WORK REQUEST =>
Give again, word for word, every line in the entries below from the line with "Nakładka Anti Shock" up to and including the line with "Camisa Aylesbury Salmon-0", and no other line.

EXCERPTED RECORDS =>
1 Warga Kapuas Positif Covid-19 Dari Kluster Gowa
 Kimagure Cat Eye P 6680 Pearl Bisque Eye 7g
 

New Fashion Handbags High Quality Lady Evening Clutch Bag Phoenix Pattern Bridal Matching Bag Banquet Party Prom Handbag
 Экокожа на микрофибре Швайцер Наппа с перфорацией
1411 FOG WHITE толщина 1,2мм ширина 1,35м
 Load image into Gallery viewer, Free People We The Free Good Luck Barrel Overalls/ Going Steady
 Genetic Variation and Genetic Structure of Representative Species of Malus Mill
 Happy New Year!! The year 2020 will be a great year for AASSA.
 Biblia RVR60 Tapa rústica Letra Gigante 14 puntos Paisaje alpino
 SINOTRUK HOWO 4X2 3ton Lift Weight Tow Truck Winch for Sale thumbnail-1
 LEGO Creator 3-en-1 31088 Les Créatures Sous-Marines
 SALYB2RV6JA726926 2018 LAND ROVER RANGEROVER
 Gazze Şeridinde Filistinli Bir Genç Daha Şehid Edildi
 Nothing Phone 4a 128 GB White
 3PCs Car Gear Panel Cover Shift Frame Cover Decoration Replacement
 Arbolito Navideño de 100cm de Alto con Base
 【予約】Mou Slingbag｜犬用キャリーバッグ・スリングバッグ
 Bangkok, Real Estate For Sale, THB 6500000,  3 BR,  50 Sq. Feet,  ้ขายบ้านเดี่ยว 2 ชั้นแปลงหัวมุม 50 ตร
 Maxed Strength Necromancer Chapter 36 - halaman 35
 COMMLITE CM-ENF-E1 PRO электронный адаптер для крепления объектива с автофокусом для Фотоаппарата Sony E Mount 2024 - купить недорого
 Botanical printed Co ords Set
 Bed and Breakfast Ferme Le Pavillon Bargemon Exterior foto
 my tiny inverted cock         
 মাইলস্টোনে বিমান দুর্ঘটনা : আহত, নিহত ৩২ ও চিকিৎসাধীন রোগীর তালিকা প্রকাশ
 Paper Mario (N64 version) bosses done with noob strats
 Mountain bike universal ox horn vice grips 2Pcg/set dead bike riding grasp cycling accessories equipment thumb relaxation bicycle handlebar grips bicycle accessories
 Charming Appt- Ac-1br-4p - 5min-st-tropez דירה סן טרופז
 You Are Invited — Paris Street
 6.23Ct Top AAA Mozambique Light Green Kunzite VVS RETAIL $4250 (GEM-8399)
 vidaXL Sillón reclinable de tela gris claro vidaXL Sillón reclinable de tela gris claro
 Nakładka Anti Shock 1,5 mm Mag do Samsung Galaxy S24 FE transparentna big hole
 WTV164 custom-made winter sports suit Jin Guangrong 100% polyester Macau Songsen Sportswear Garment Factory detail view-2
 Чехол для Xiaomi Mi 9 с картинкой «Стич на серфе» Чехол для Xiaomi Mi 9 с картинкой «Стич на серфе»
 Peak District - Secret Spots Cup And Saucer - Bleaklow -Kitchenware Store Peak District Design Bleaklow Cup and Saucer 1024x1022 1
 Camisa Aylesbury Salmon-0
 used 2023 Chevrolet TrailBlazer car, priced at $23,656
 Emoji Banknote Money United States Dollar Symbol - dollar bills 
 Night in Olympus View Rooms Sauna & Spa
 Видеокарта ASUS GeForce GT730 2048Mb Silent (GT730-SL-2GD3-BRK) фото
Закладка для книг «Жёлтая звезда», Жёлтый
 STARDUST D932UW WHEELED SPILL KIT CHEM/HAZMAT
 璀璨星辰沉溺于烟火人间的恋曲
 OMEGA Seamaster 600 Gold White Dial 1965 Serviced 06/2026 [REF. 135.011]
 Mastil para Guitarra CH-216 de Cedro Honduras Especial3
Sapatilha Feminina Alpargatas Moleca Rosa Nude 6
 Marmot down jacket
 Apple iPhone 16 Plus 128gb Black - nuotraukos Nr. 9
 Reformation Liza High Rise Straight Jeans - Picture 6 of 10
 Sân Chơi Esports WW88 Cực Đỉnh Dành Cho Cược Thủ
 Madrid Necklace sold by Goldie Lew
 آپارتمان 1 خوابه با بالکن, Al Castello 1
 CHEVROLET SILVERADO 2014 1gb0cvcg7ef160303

EXERCISE RESPONSE =>
 Nakładka Anti Shock 1,5 mm Mag do Samsung Galaxy S24 FE transparentna big hole
 WTV164 custom-made winter sports suit Jin Guangrong 100% polyester Macau Songsen Sportswear Garment Factory detail view-2
 Чехол для Xiaomi Mi 9 с картинкой «Стич на серфе» Чехол для Xiaomi Mi 9 с картинкой «Стич на серфе»
 Peak District - Secret Spots Cup And Saucer - Bleaklow -Kitchenware Store Peak District Design Bleaklow Cup and Saucer 1024x1022 1
 Camisa Aylesbury Salmon-0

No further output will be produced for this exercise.